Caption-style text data
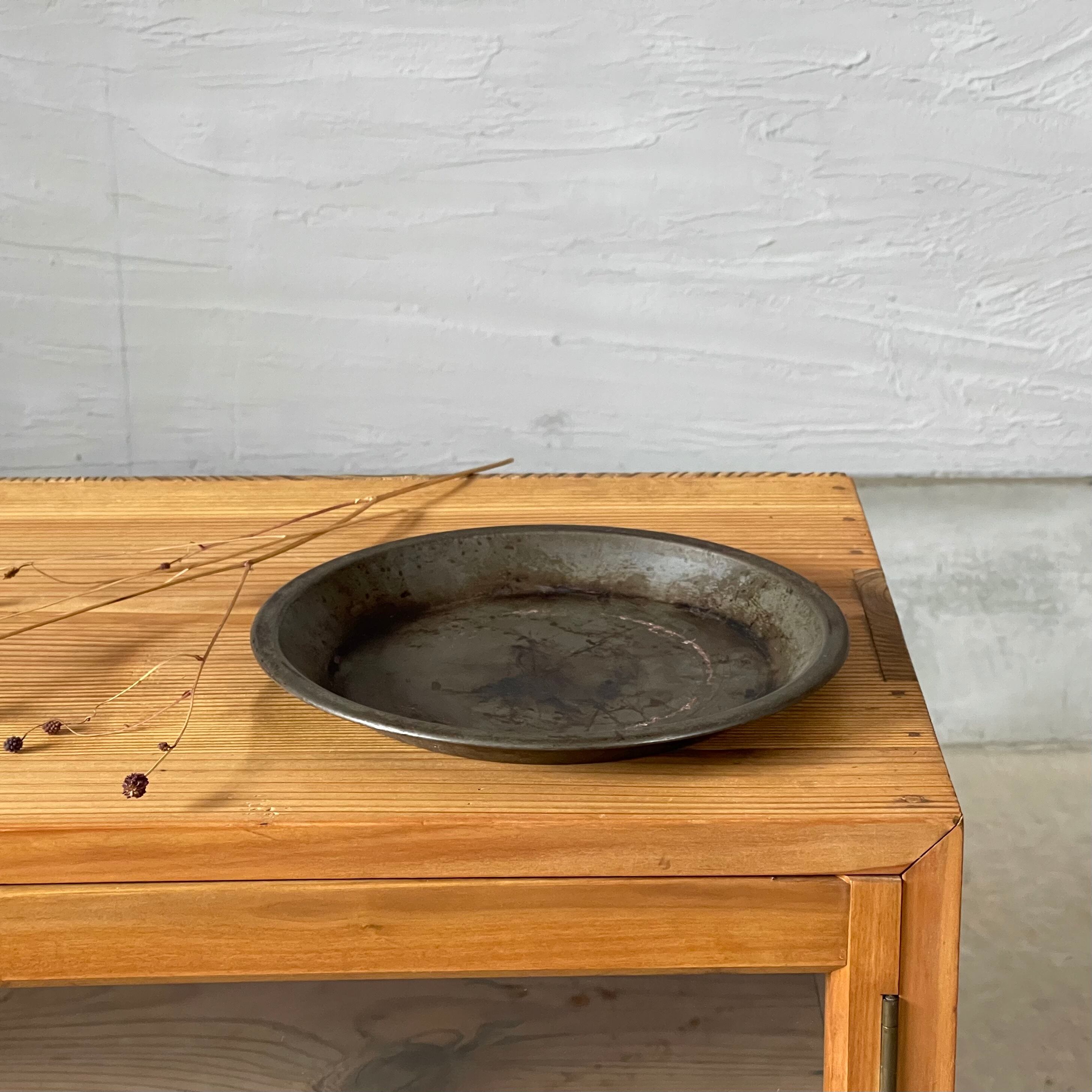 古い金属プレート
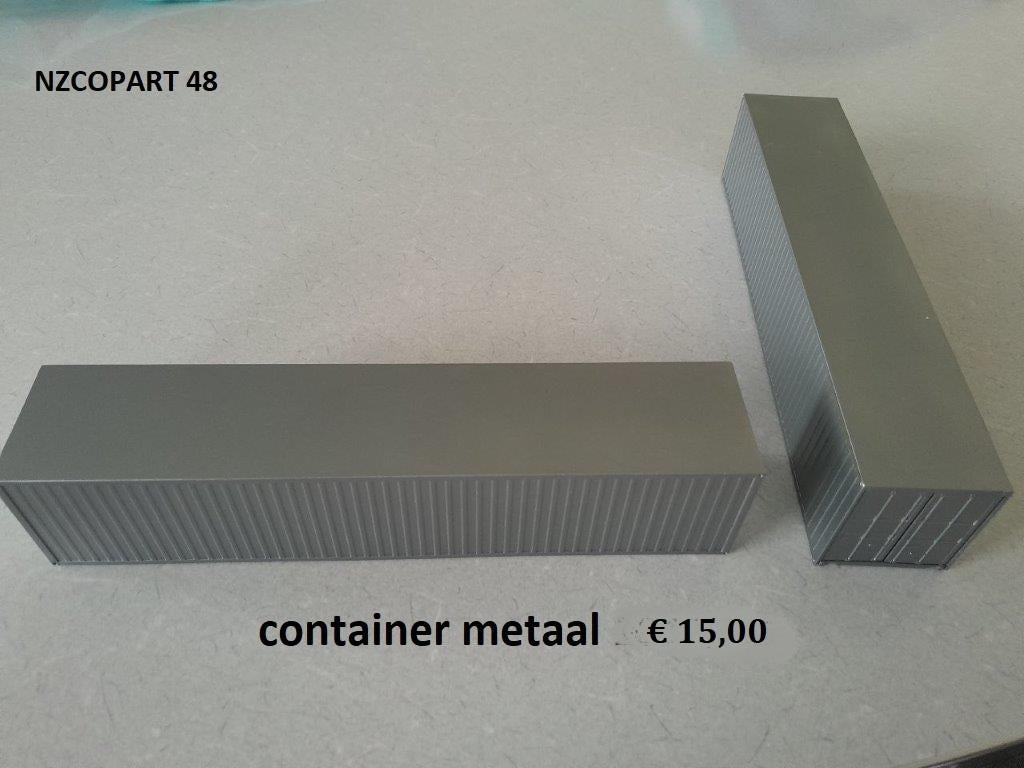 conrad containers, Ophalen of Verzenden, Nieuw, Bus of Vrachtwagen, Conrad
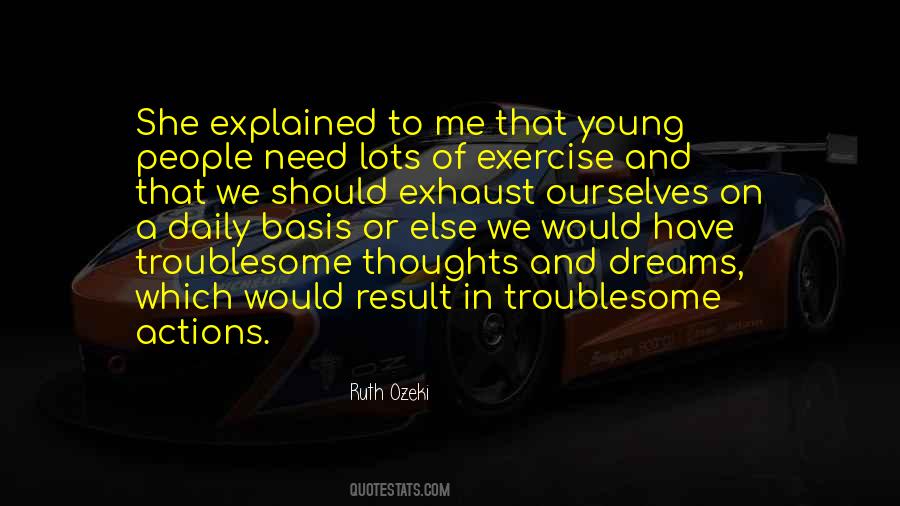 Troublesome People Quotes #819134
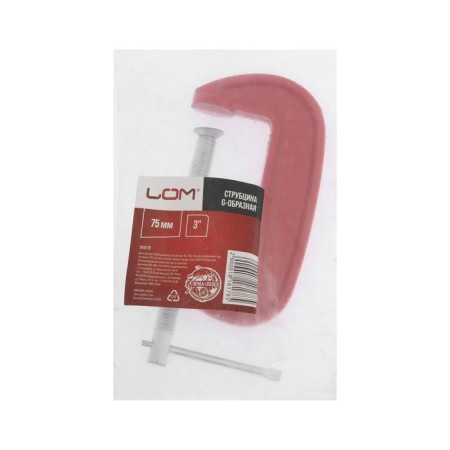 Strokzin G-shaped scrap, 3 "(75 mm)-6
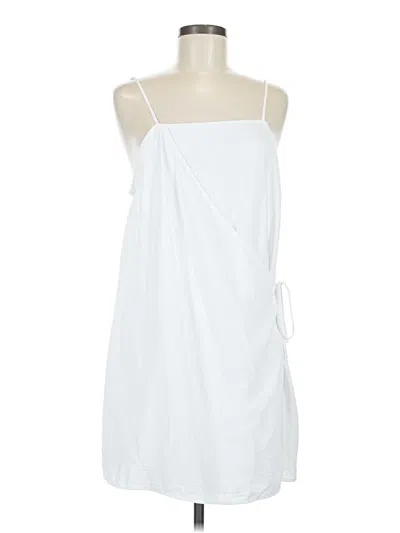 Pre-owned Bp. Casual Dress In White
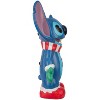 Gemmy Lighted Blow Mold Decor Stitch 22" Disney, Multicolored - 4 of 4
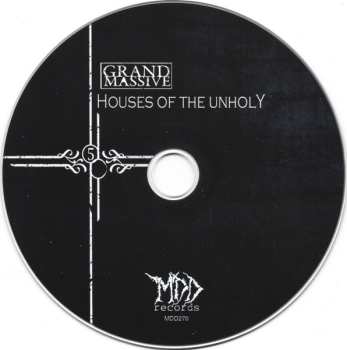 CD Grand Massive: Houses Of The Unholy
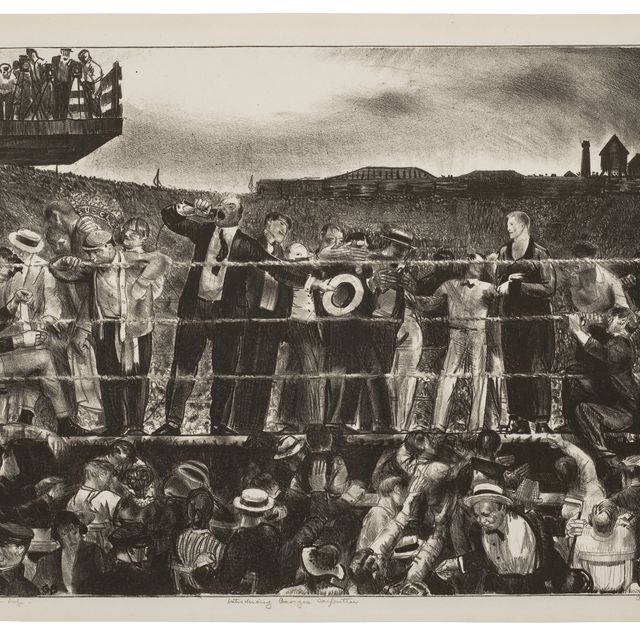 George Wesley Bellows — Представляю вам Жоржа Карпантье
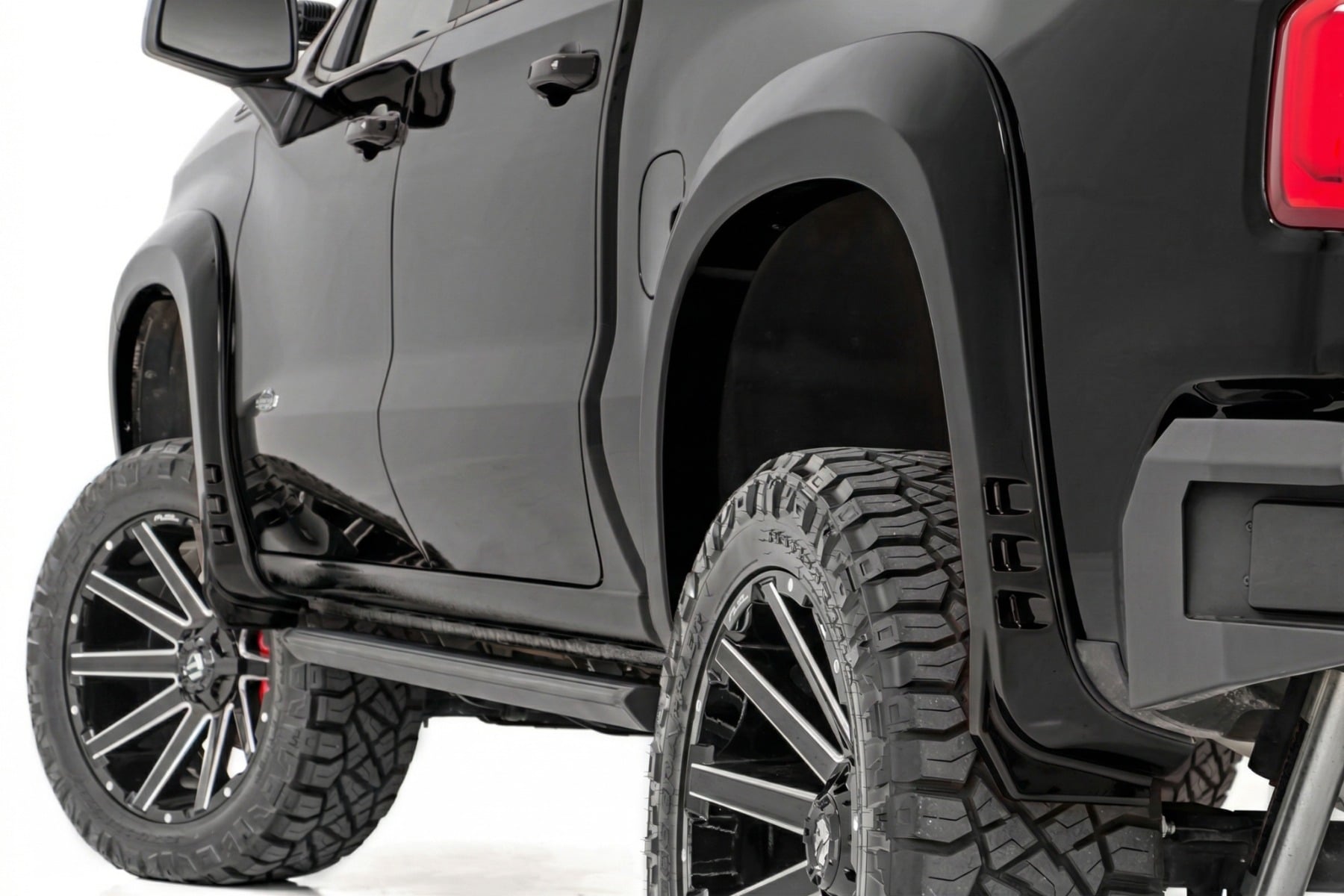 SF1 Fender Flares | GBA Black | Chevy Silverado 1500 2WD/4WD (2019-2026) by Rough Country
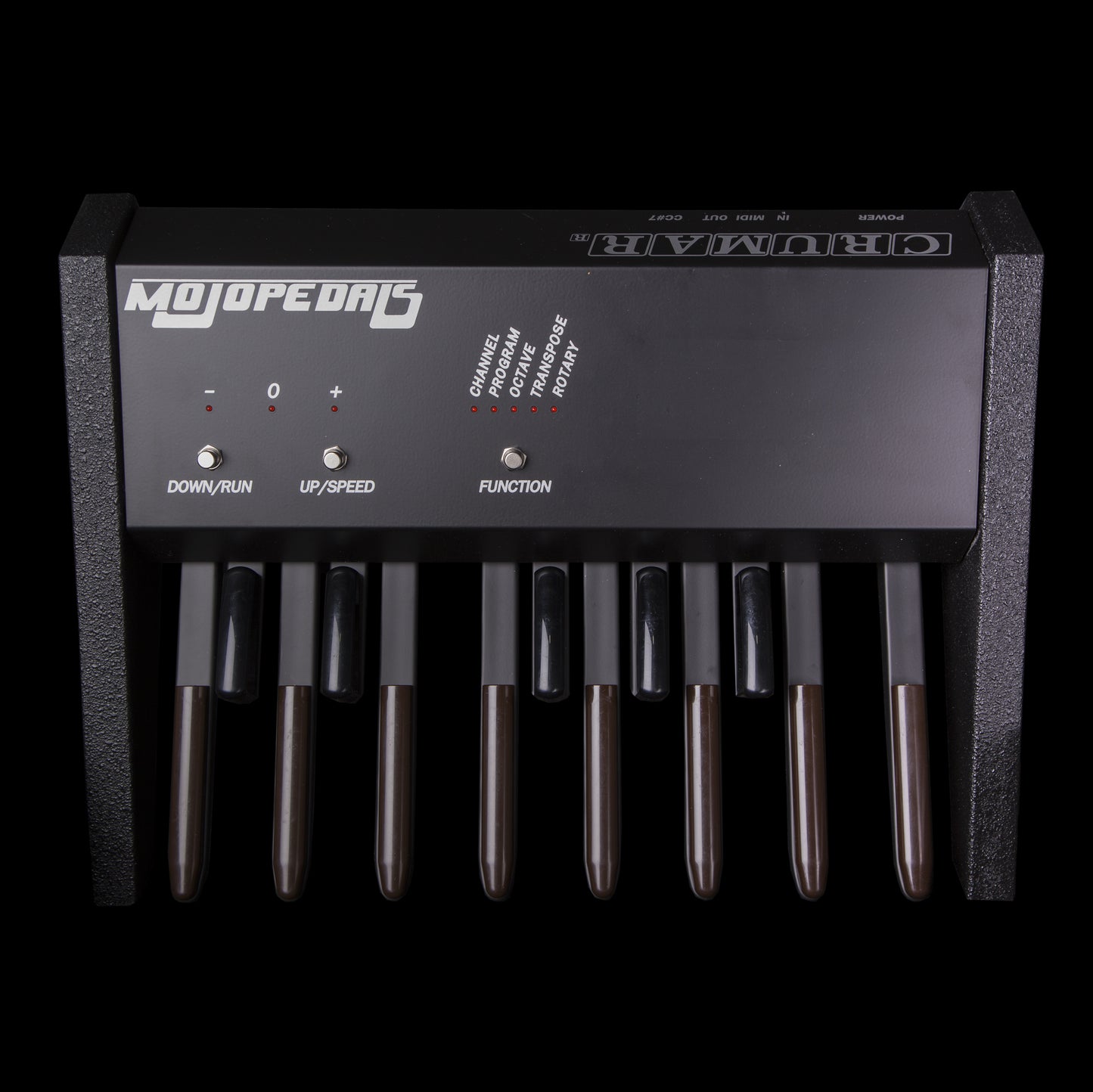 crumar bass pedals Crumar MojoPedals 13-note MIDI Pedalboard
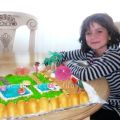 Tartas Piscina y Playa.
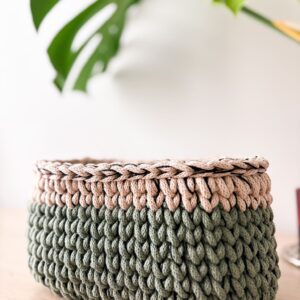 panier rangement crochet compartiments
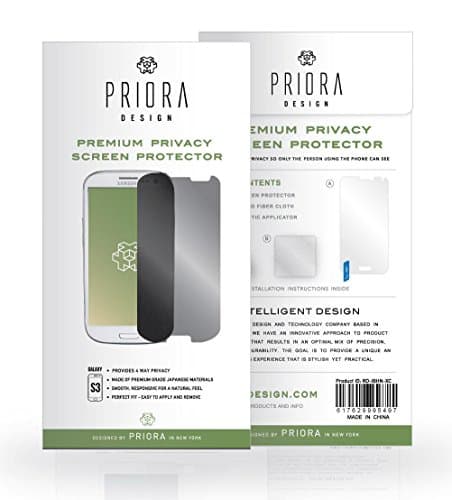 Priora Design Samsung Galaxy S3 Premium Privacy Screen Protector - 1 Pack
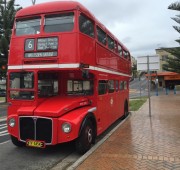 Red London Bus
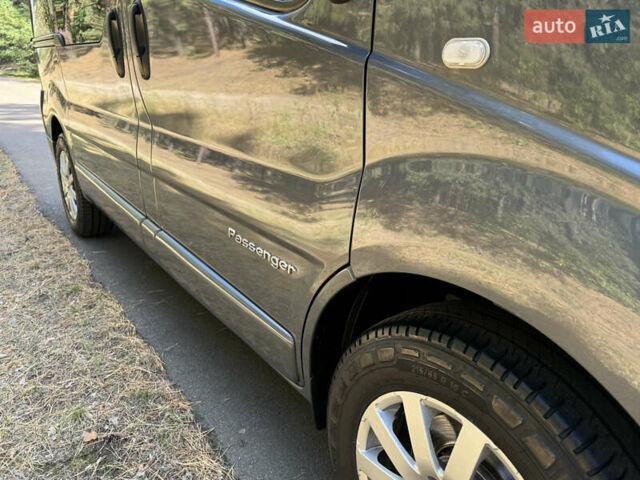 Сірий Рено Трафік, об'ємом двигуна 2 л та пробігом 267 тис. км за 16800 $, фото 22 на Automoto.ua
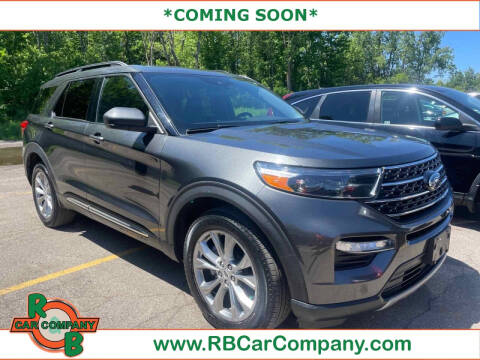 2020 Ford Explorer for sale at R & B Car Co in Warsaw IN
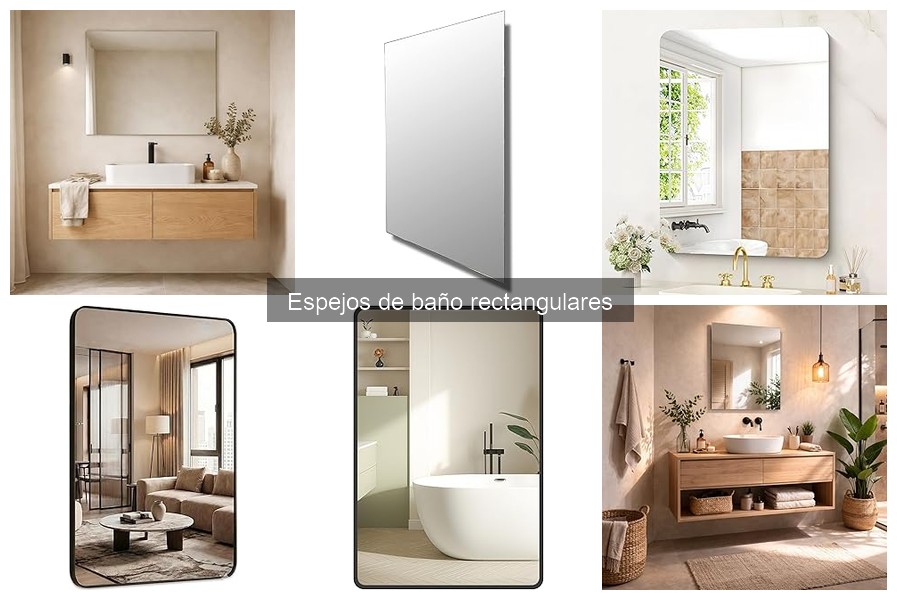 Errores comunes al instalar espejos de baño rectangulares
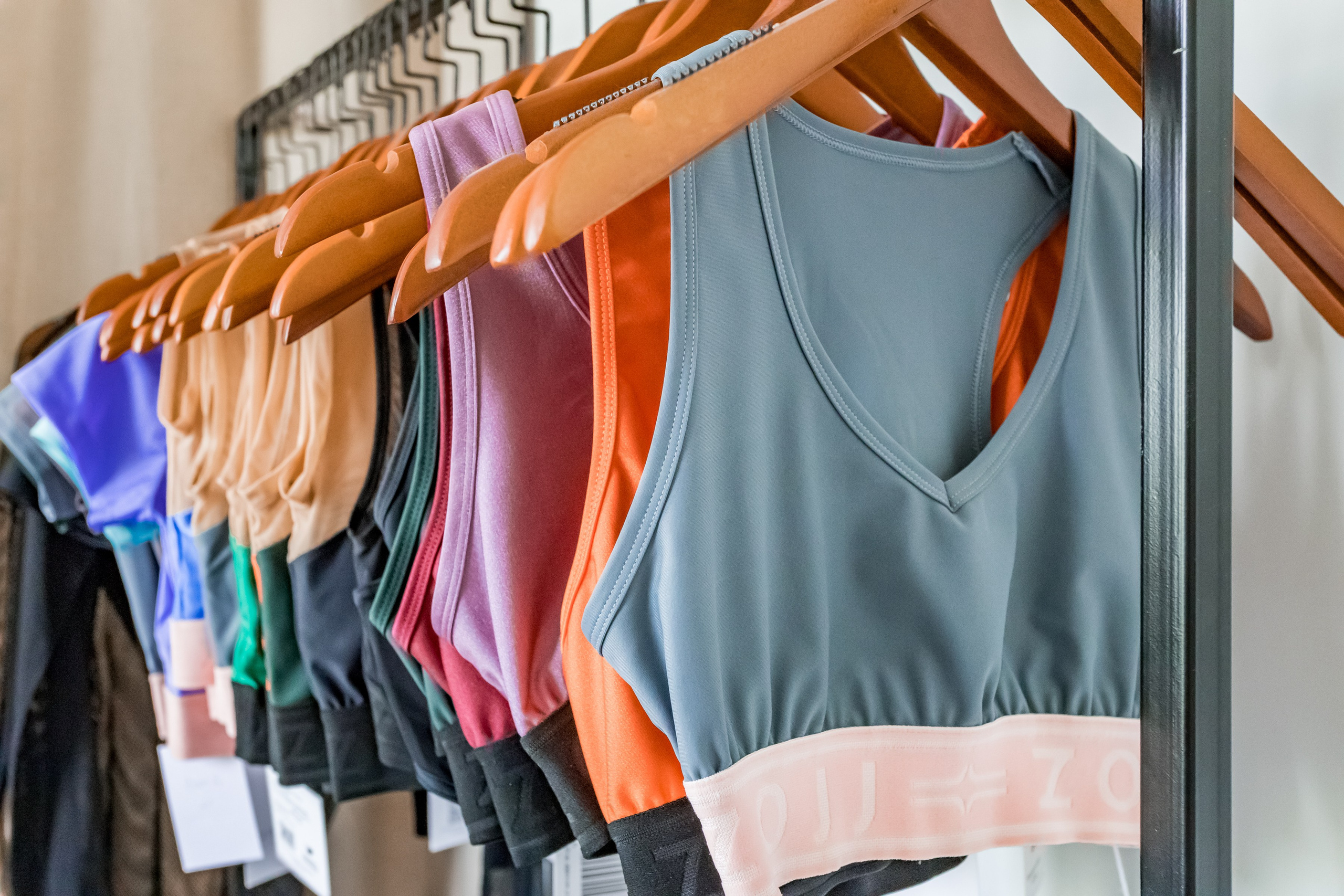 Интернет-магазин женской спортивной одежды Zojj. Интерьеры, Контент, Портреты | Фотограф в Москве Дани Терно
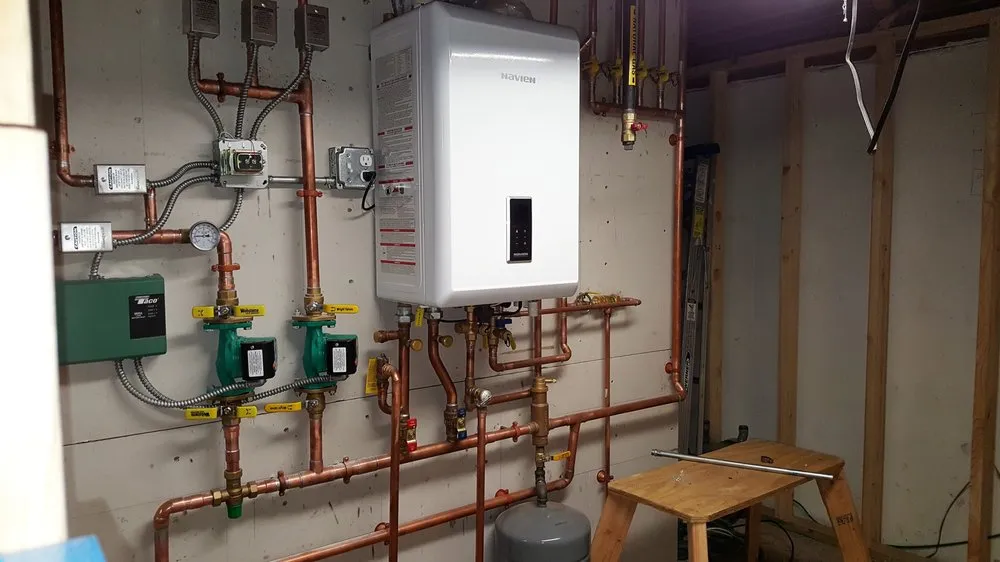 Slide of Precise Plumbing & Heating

TASK DETAILS:
From the first line to the last, write out the data above exactly. Omit the pictures.

SOLUTION:
 古い金属プレート
 conrad containers, Ophalen of Verzenden, Nieuw, Bus of Vrachtwagen, Conrad
 Troublesome People Quotes #819134
 Strokzin G-shaped scrap, 3 "(75 mm)-6
 Pre-owned Bp. Casual Dress In White
 Gemmy Lighted Blow Mold Decor Stitch 22" Disney, Multicolored - 4 of 4
 CD Grand Massive: Houses Of The Unholy
 George Wesley Bellows — Представляю вам Жоржа Карпантье
 SF1 Fender Flares | GBA Black | Chevy Silverado 1500 2WD/4WD (2019-2026) by Rough Country
 crumar bass pedals Crumar MojoPedals 13-note MIDI Pedalboard
 Tartas Piscina y Playa.
 panier rangement crochet compartiments
 Priora Design Samsung Galaxy S3 Premium Privacy Screen Protector - 1 Pack
 Red London Bus
 Сірий Рено Трафік, об'ємом двигуна 2 л та пробігом 267 тис. км за 16800 $, фото 22 на Automoto.ua
 2020 Ford Explorer for sale at R & B Car Co in Warsaw IN
 Errores comunes al instalar espejos de baño rectangulares
 Интернет-магазин женской спортивной одежды Zojj. Интерьеры, Контент, Портреты | Фотограф в Москве Дани Терно
 Slide of Precise Plumbing & Heating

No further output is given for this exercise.